SAP HANA Text Analysis

Mining social media data for customer feedback is one of the greatest untapped opportunities for customer analysis in many organizations today.

As many are aware, twenty-first century corporations are facing a crisis. Many corporations have been accurately and comprehensively storing data for years. The data is in variety of forms like social media posts, email, blogs, news, feedback, tweets, business documents etc.

It is very important to extract meaningful information without having to read every single sentence. Now, what is meaningful information? The extraction process should identify the “who”, “what”, “where”, “when” and “how much” (among other things) from these data.
For example, use social media data to find out –

  • What people are saying about my brand or products?
  • How many people recommend my brand vs. advocate against it?

Text Analysis is the solution of all this problem.

In this article we will explain:

  • What is Text Analysis?
  • Why Text Analysis is so important for business?
  • How does SAP HANA support text analysis?

Before understanding Text Analysis, you will have to first understand Structured Data and Unstructured Data.

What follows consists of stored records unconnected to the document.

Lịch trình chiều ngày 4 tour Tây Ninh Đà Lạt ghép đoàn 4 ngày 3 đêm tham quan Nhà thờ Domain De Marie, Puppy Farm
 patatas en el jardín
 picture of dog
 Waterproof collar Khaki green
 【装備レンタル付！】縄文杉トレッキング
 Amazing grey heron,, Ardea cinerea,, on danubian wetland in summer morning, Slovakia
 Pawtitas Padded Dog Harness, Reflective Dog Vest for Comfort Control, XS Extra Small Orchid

Structured and Unstructured Data:

Structured Data:

Data that resides in a fixed field within a record or file is called structured data. This includes data contained in relational databases and spreadsheets .
For example data stored in database tables are structured data.

Structured data has the advantage of being easily entered, stored, queried and analyzed.

Unstructured Data:

The phrase “unstructured data” usually refers to information that doesn’t reside in a traditional row-column database.

Unstructured data files often include text and multimedia content. Examples include e-mail messages, word processing documents, videos, photos, audio files, presentations, webpages and many other kinds of business documents.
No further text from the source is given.